# Tu presencia me reconforta



## StratotakU

How would you say "Tu presencia me reconforta" in Latin?
In English would like this: "Your presence makes me feel better".

Thanks in advance.


----------



## Pinairun

StratotakU said:


> How would you say "Tu presencia me reconforta" in Latin?
> In English would like this: "Your presence makes me feel better".
> 
> Thanks in advance.


 


 "Præsentia tua me reficit"

Please, wait for better opinions


----------



## StratotakU

I will do so, thanks for the help!!!!


----------



## Joca

Pinairun said:


> "Præsentia tua me reficit"
> 
> Please, wait for better opinions


 
Maybe:

"Te praesenti, valeo."

(When you are present, I am well.)

Again, keep waiting for a better solution.


----------



## Hamlet2508

Joca said:


> "Te praesent*i* valeo."



te praesente satis valeo 
te praesente bono animo sum
te praesente bonam spem habeo

praesens mihi solacium praebes


----------



## Joca

Hamlet2508 said:


> te praesente satis valeo
> te praesente bono animo sum
> te praesente bonam spem habeo
> 
> praesens mihi solacium praebes


 
Yes, that's right, Hamlet. The ablative must end in e rather than i, because the adjective functions as a verb in this case. Thanks for this reminder.


----------



## StratotakU

Hamlet2508 said:


> te praesente satis valeo
> te praesente bono animo sum
> te praesente bonam spem habeo
> 
> praesens mihi solacium praebes



What's the difference among these 3 forms? I'm not a Latin student, so I'm in the need of all useful info .
Also I would like to know which is the definitive one.
Thanks a lot.


----------



## Joca

StratotakU said:


> What's the difference among these 3 forms? I'm not a Latin student, so I'm in the need of all useful info .
> Also I would like to know which is the definitive one.
> Thanks a lot.


 
te praesente satis valeo - in your presence (your being present), I feel very well/healthy/powerful

te praesente bono animo sum - in your presence, I am in high spirits
te praesente bonam spem habeo - in your presence, I am filled with hope.
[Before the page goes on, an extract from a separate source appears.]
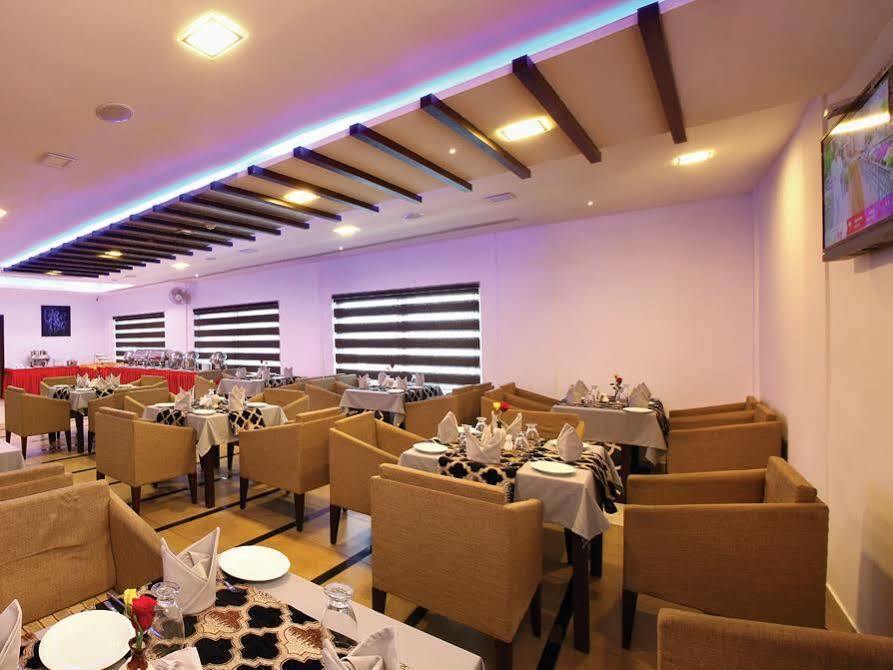 Hotel Aswathy Kodungallūr Buitenkant foto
praesens mihi solacium praebes - (let me ask Hamlet to translate this last one.)


----------



## StratotakU

Joca said:


> te praesente satis valeo - in your presence (your being present), I feel very well/healthy/powerful
> 
> te praesente bono animo sum - in your presence, I am in high spirits
> te praesente bonam spem habeo - in your presence, I am filled with hope.
> 
> praesens mihi solacium praebes - (let me ask Hamlet to translate this last one.)




Greatly grateful!!!! You've all been a wonderful help. Just one last question, "Praesentia tua me reficit" works as well, right?


----------



## Hamlet2508

Joca said:


> praesens mihi solacium praebes - in/by being present you comfort me



"praesentia" as a noun is never used in classical antiquity
if you are dead set on *reficit*
you could work your way round by saying
*animum meum praesens reficis*
regards,
Hamlet


----------